Linking de-identified datasets from the likes of Medicare, hospitals and the Pharmaceutical Benefits Scheme would add billions into Australia's economy and give doctors and policy makers a better understanding of how people use the healthcare system, Australian parliamentarians claim.

A committee of cross-party MPs tasked with reviewing the value of health datasets found Australia had "untapped potential" to use data generated by the healthcare system for financial and societal gain.
The Commonwealth spent more than $63 billion - or 25 percent of all government tax revenue - on the healthcare system in 2013-14, and health expenditure has grown at a rate of 5 percent above inflation for the last ten years.
In this climate, more effective and cost-efficient policies should be "vigorously pursued", the report argued, citing a Lateral Economics report that suggested health-specific data could inject as much as $5.9 billion each year into the economy.
Linking de-identified data on births, deaths, immunisation, aged care, and Medicare claims, among others, could deepen clinicians' understanding of how patients use the healthcare system while informing government policy makers how to improve the delivery of health services, the report stated.
Privacy problems
While many respondents to the committee's inquiry pushed for the ability to link de-identified data from the Medicare Benefits Schedule and the Pharmaceutical Benefits Scheme specifically, current privacy regulation restricts such information from being combined.
In 2008 the Privacy Commissioner issued guidelines that only allow the linkage of MBS and PBS data when it is necessary to comply with the law; when eligibility for one of the programs is dependent on services provided by the other; or when Medicare believes linking the data would save someone from harm or death.
The data can also be linked if the individual in question gives their consent.
In its response to the inquiry, the Department of Health argued that community attitudes to data and privacy had shifted to a point where data is regarded as an asset that can be utilised, rather than one that needs solely to be protected.
Privacy Commissioner Timothy Pilgrim agreed the current legislation warrants review, given it had been created in a "different time" with "different community expectations".
"I think it is entirely appropriate to have that piece of legislation reviewed, to look for other mechanisms which may be able to make more efficient use of that information in terms of…freeing up data for good social policy purposes," Pilgrim told the committee.
"But at the same time I would then say that if we are going to do that, what can we build in to ensure there is the right level of protection about that information in a newer environment of how it is going to be used?"
Lack of transparency
The committee said it was "deeply concerned" that some government departments weren't entirely sure what datasets they held.
"It ought to be clear to both researchers and departments what data each department collects and what part of the department is responsible for data custodianship," the MPs wrote.

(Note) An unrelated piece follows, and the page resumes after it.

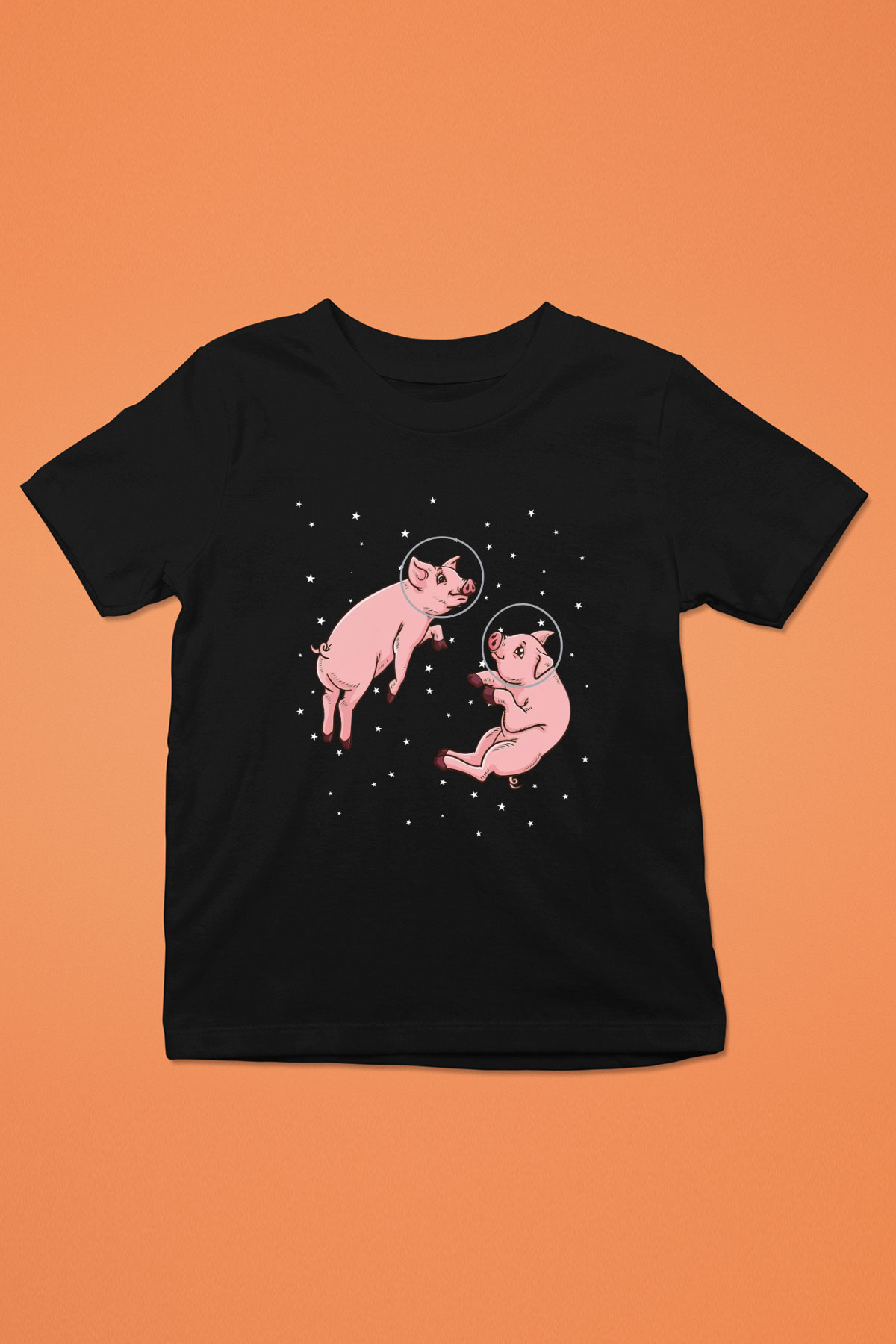 Domuz Siyah Unisex Çocuk Tişört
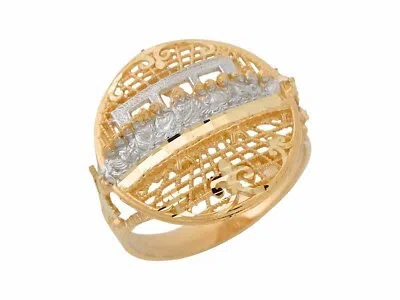 Pre-owned Jackani 10k Or 14k Two-tone Last Supper Round Split Shank Filigree Men's Ring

Departments should publicly list their datasets on their websites and on data.gov.au, the committee recommended, and publish a statement outlining their dataset approvals process.
De-identified datasets should by default be released "on an enduring basis", and departments should publicly report on data linkage performance benchmarks, it said.

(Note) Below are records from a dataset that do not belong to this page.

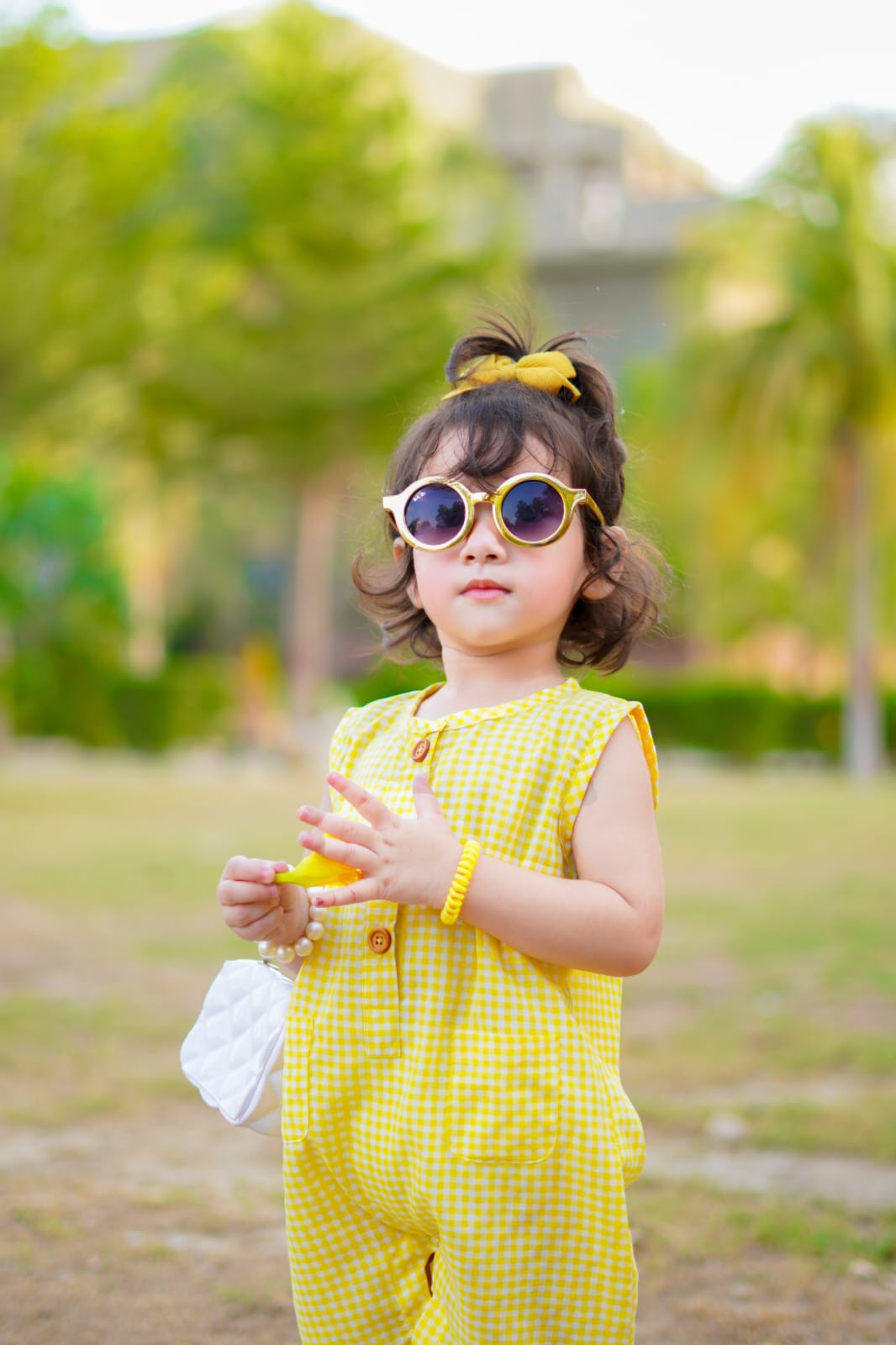 Sunny Yellow Check Cotton Half Romper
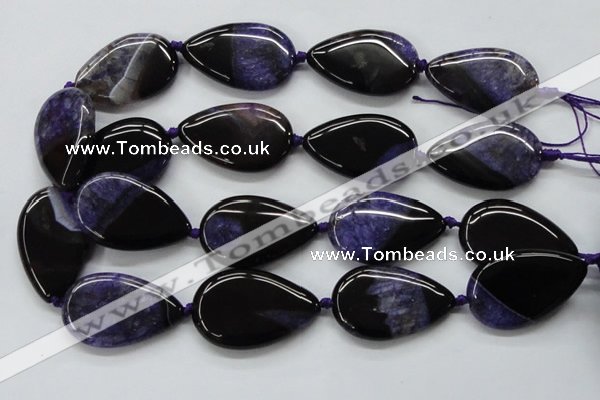 CAA459 15.5 inches 24*40mm flat teardrop agate druzy geode beads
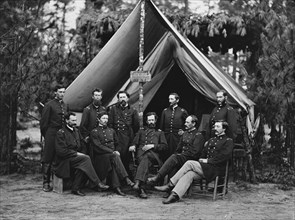 Petersburg, Va. Surgeons of 3d Division before hospital tent 1864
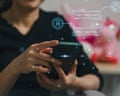 Businesswoman using technology smart chatbot AI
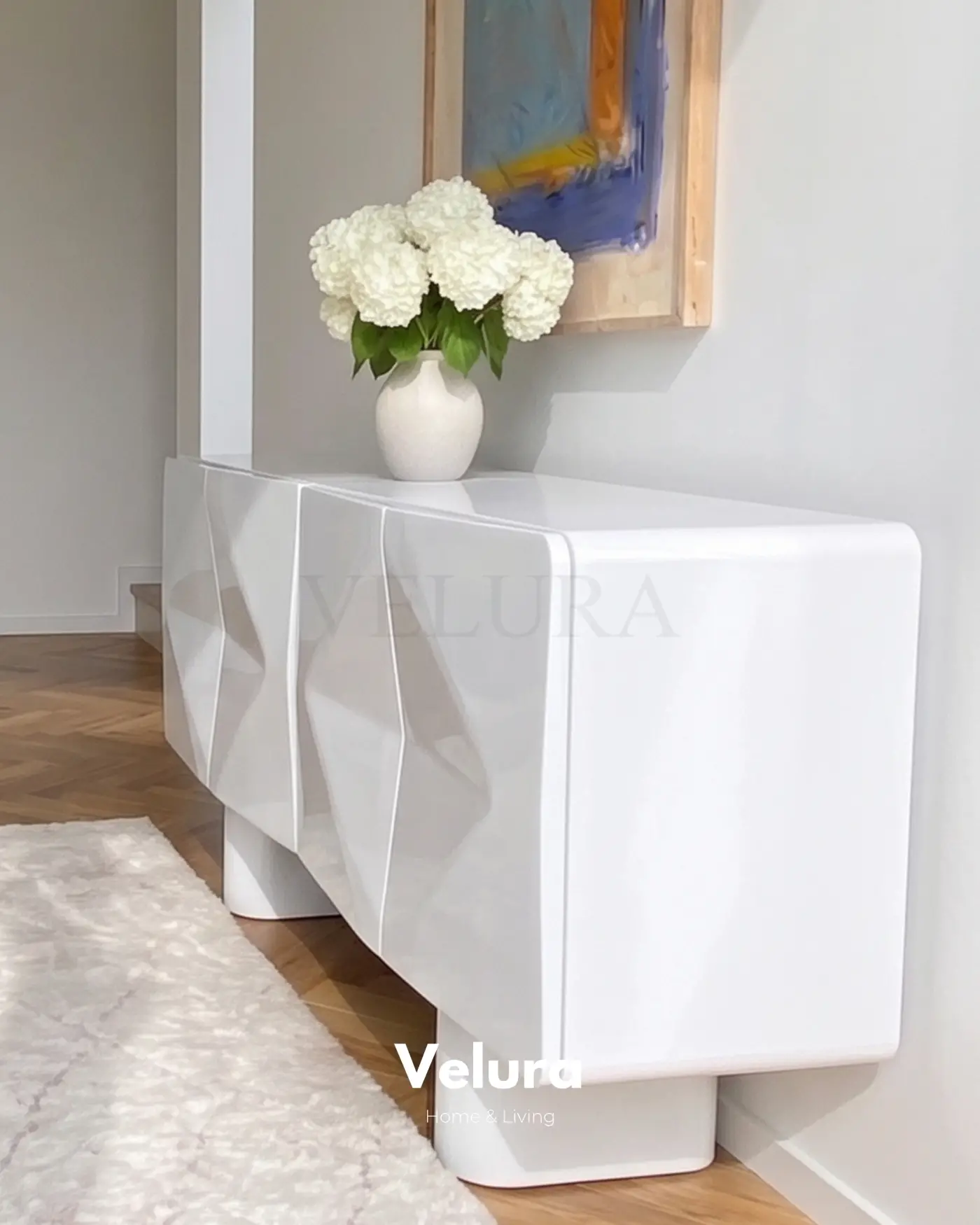 200 cm dört kapaklı beyaz Lura konsol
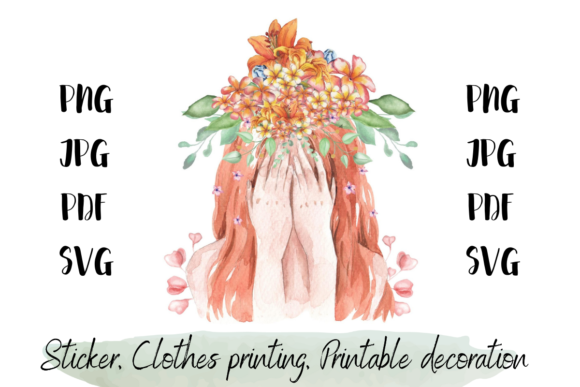 Download Girl Watercolor-Sticker, Printable Decor - Decor Collection
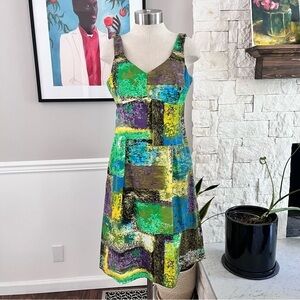 Vintage 60s Dress Colorful Artsy Tank ILGWU Canada Made Women's Size Medium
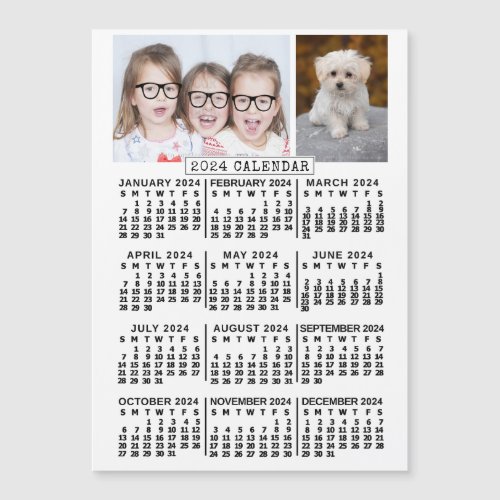 2024 Calendar Year White  Photo Template Magnet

More broadly the committee recommended the government review current privacy arrangements related to health data with the goal of linking more MBS and PBS de-identified datasets, while protecting privacy.
It also said the government should look at allowing state health bodies to link to Commonwealth data collections.
Australia could take cues from other countries with more mature data linking initiatives, the MPs said.
"The committee's intention is to strengthen health policy evaluation and development as well as medical research undertaken in the public interest whist ensuring effective protections for sensitive personal information," it wrote.